Конечно, полиция не могла смотреть на эти «шалости» молодёжи спокойно. Нельзя же, в самом деле, купать в Мойке квартального!

Но наказания за «шалости» (если они не окрашивались политикой) всегда были «отеческие»: гауптвахта, высылка в имение, выговор министра.

Зато политические «шалости» наказывались со всей свирепостью режима: разжалование в солдаты, Кавказ, крепость, ссылка.

Бедного Шевченку томили на краю света, в пустыне и запретили пользоваться «рядовому Шевченке» карандашами и кистью.

Не сметь писать и не сметь рисовать!

«Солдатчина» считалась тогда (и очень справедливо) величайшим бедствием, и в «солдаты» отдавали, точно на каторгу ссылали.

И недаром ещё Скалозуб отмечал, что если вольнодумцу «дать фельдфебеля в Вольтеры», то из этого большой толк получается.

«Он в две шеренги их построит,

А пикните, так мигом успокоит».

Но вот декабристов и фельдфебель не успокоил.
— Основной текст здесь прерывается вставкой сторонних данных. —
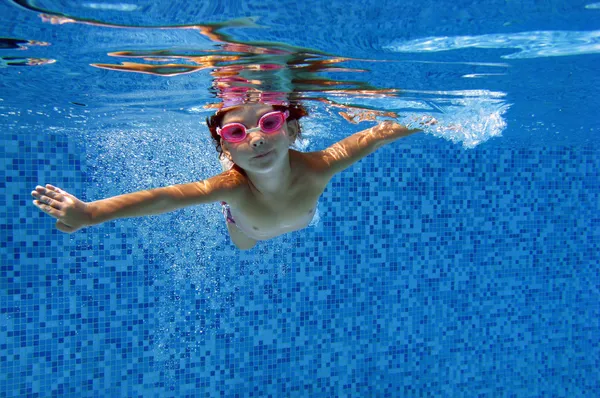 Feliz niño bajo el agua en la piscina Imagen De Stock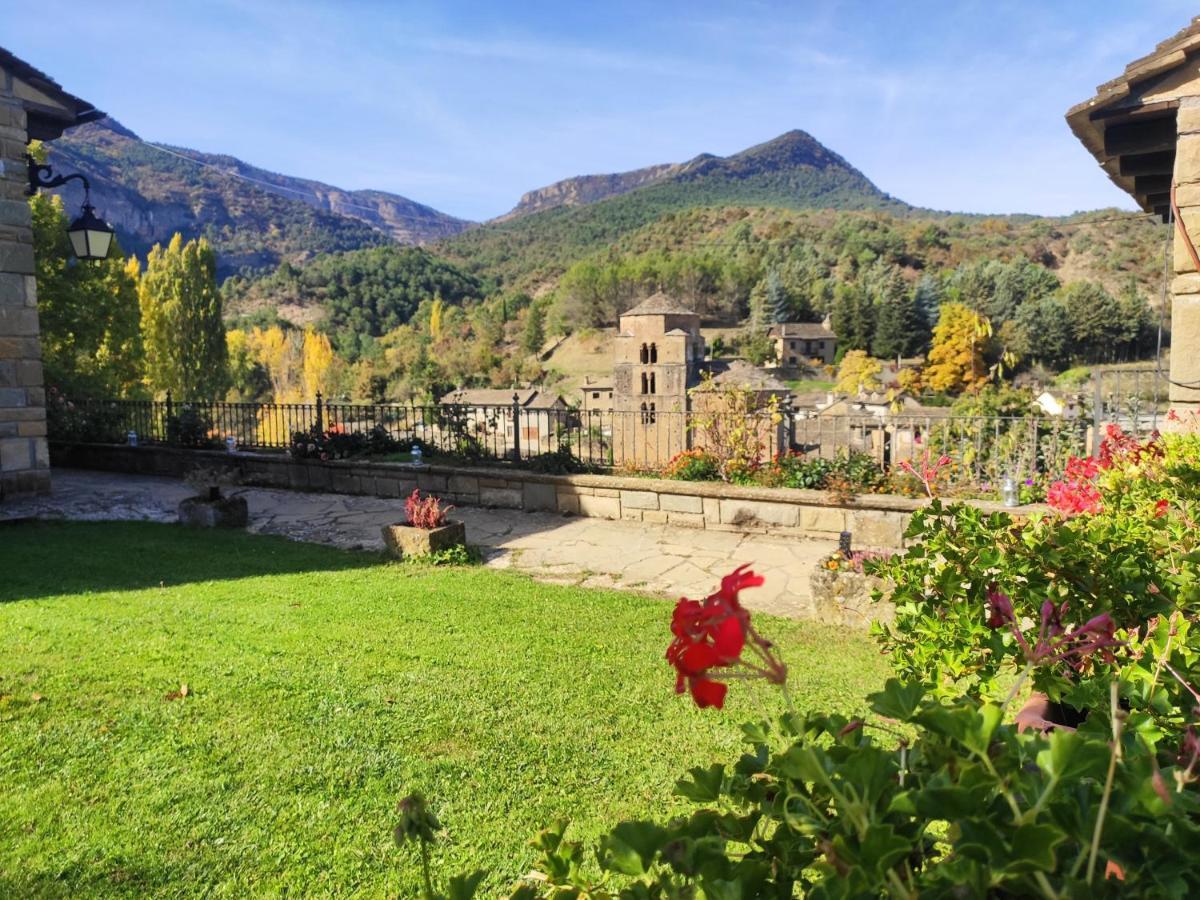 Hotel Rural El Mirador De Los Pirineos Santa Cruz de la Serós Eksteriør billede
Для декабристов потребовались рудники и «каторжные норы», как писал Пушкин.

И вот что удивительно: в николаевском обществе они сохранили за собой все симпатии и высшего, и среднего круга. Сколько шёпотов, сколько немого сочувствия, сколько страстной тревоги было в Петербурге, когда жёны декабристов уезжали в далёкую Сибирь, чтобы разделить страдания мужей!

В этом случае общество было на стороне бунтовщиков и каторжников. И Пушкин впереди всех.
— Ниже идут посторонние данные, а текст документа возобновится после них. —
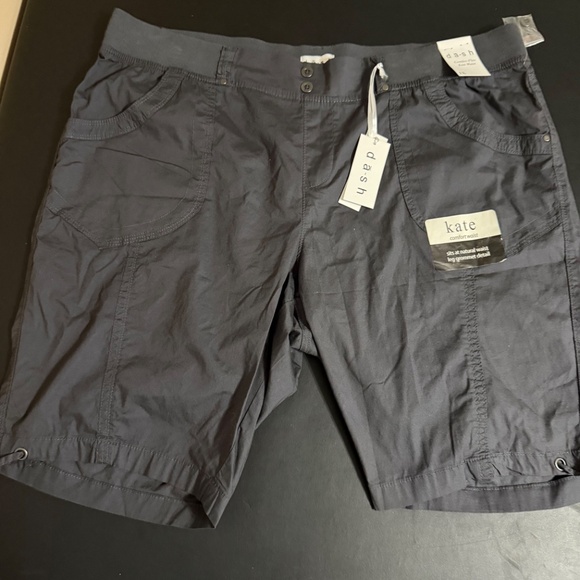 NWT Dash Comfort Flex Shorts. - Picture 3 of 4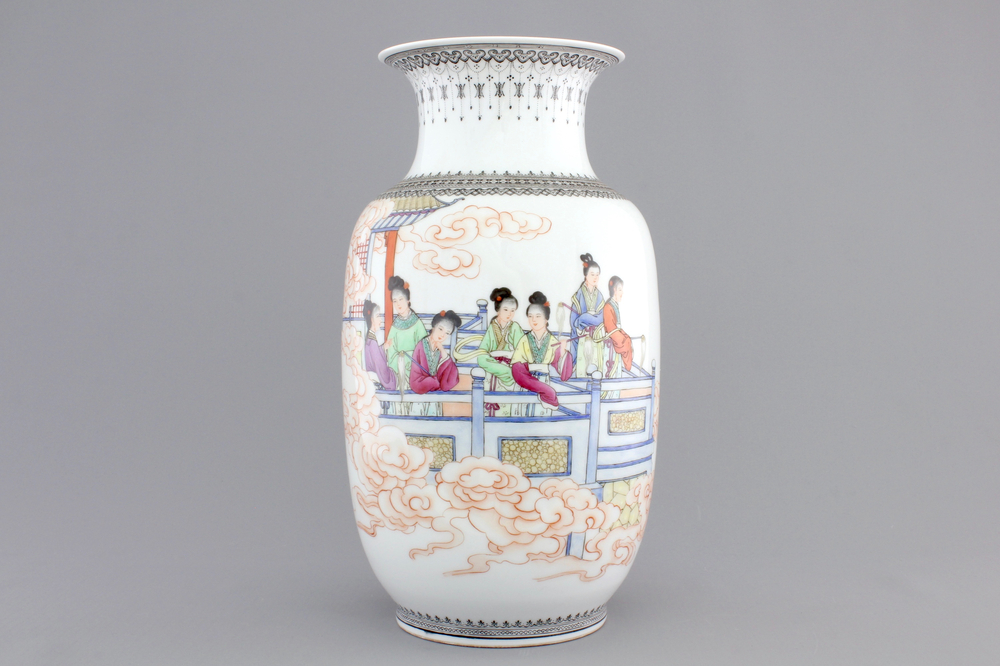 A fine Chinese famille rose porcelain vase, 20th C.
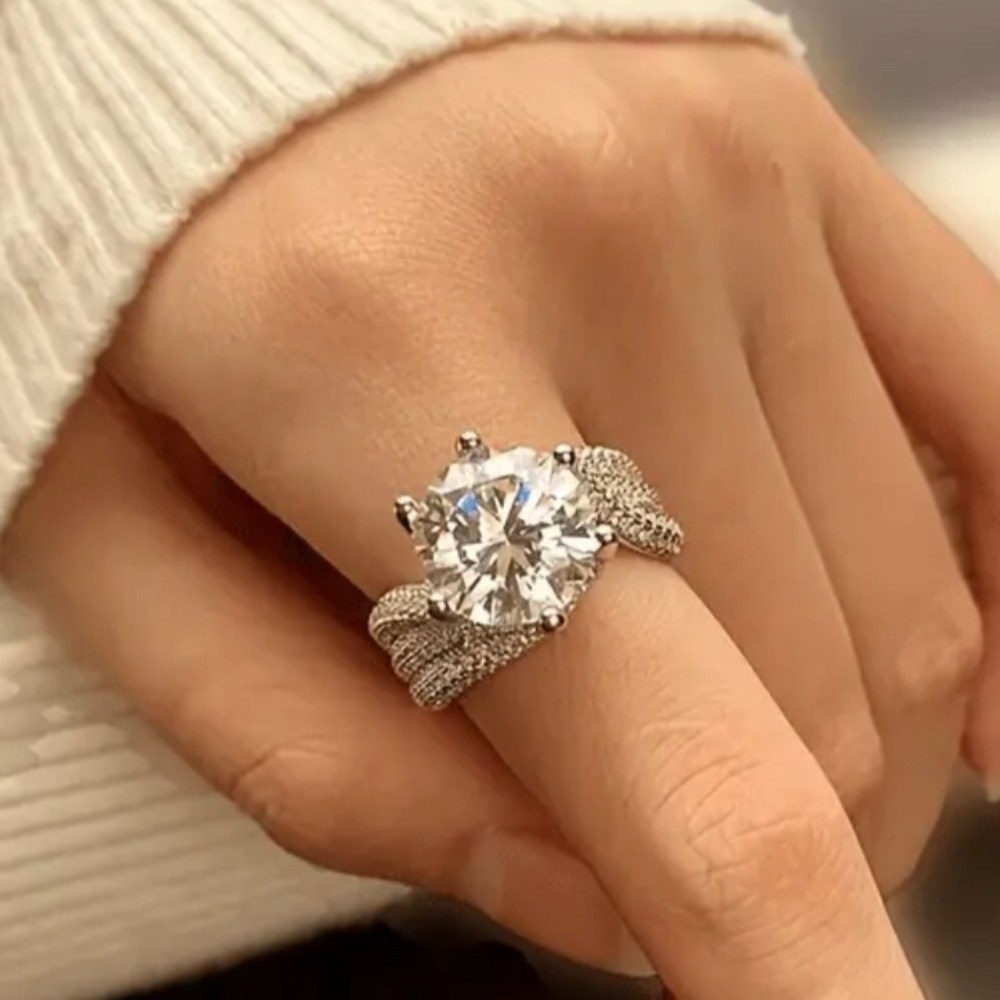 Stunning Size 9,  5 Carat Moissanite Ring S925 - Picture 5 of 12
И всё-таки Россия росла! Беспредельное крепостное государство с дворянской интеллигенцией слагалось в большую силу.

И не только физическую.

Начиналась литература.

Начиналась музыка (Глинка).

Начиналась культура.

Вырастала ещё робкая идея освобождения крестьян «по манию царя», как верно угадал Пушкин.
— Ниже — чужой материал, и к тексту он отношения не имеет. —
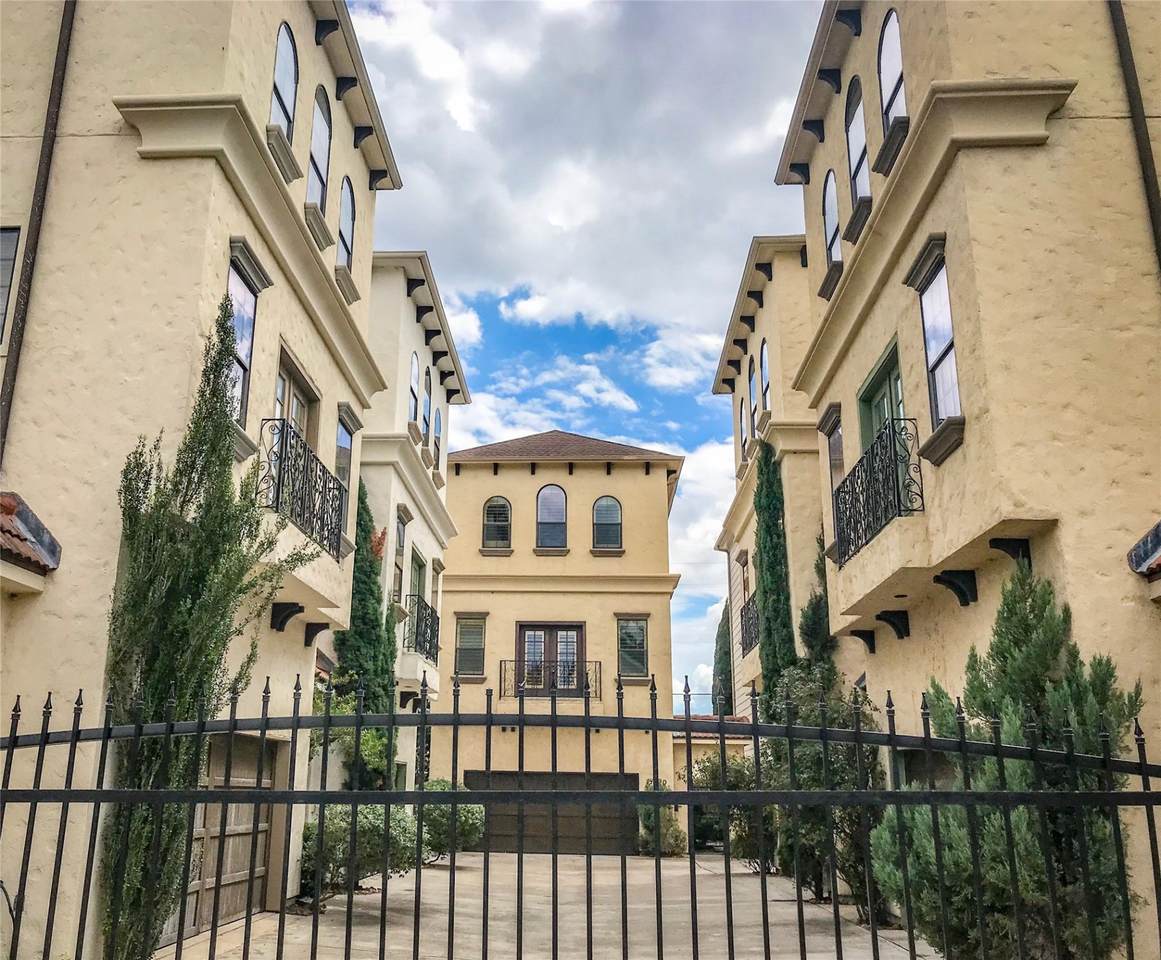 1432 21st Street - Photo 1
Всё в той России росло, всё поднималось, как опара.

И когда вспомнишь, да посравнишь век нынешний и век минувший, то невольно заноет душа…

Александр Яблоновский.

«Возрождение» (Париж). № 950, 8 января 1928 г.

Примечания:

[1] Яблоновский Александр Александрович (1870-1934) — русский писатель и редактор. Родился в Елисаветградском уезде Херсонской губернии. По окончании одесской гимназии поступил на юридический факультет Санкт-Петербургского университета, где и получил высшее образование. В 1893 г. дебютировал рассказом «Последыши» в журнале «Русское Богатство». Публиковался в «Сыне Отечества» и «Мире Божьем», где в 1901 г. была помещена имевшая большой успех повесть «Гимназисты». В 1903-1905 гг. вёл в журнале «Образование» раздел фельетона под общим заглавием «Родные картины»; с 1904 г. принимал участие в возродившемся «Сыне Отечества»; сотрудничал с журналом «Товарищ». В 1906 г. был приглашён редактировать московскую газету «Русское Слово».

В 1918 году жил в Киеве, публиковался как фельетонист в газетах «Утро», «Вечер» и «Киевская мысль». В январе 1919 года, во время петлюровской оккупации Киева, перебрался в Одессу, где в марте стал одним из учредителей и сотрудников газеты «Наше слово». Приехав в Ростов-на-Дону, стал сотрудничать с местными изданиями «Парус» и др. В марте 1920 года, во время эвакуации частей ВСЮР, был вывезен из Новороссийска в Египет.

Из Каира переехал в 1921 году в Берлин. Сотрудничал с берлинскими эмигрантскими изданиями («Руль» и др.) и с парижской газетой «Общее дело». В 1925 году из Берлина переехал в Париж. Публиковался в газетах «Возрождение» (Париж), «Сегодня» (Рига), «Эхо» (Ковно). На Первом съезде эмигрантских писателей (Белград, 1928) был избран председателем Совета Союза русских писателей и журналистов стран русского рассеяния.

Умер 3 июля 1934 года. Похоронен на кладбище в парижском пригороде Исси-ле-Мулино.

[2] Шильдер Николай Карлович (1842–1902) – знаменитый русский историк, генерал-лейтенант, участник Русско-турецкой войны 1877–1878 гг. Будучи директором Императорской публичной библиотеки, Н. К. Шильдер имел прямой доступ к уникальным документам и ценнейшим архивным материалам. На их основе создан добросовестный труд – Шильдер Н.К. Император Николай Первый. Его жизнь и царствование. СПб., 1903.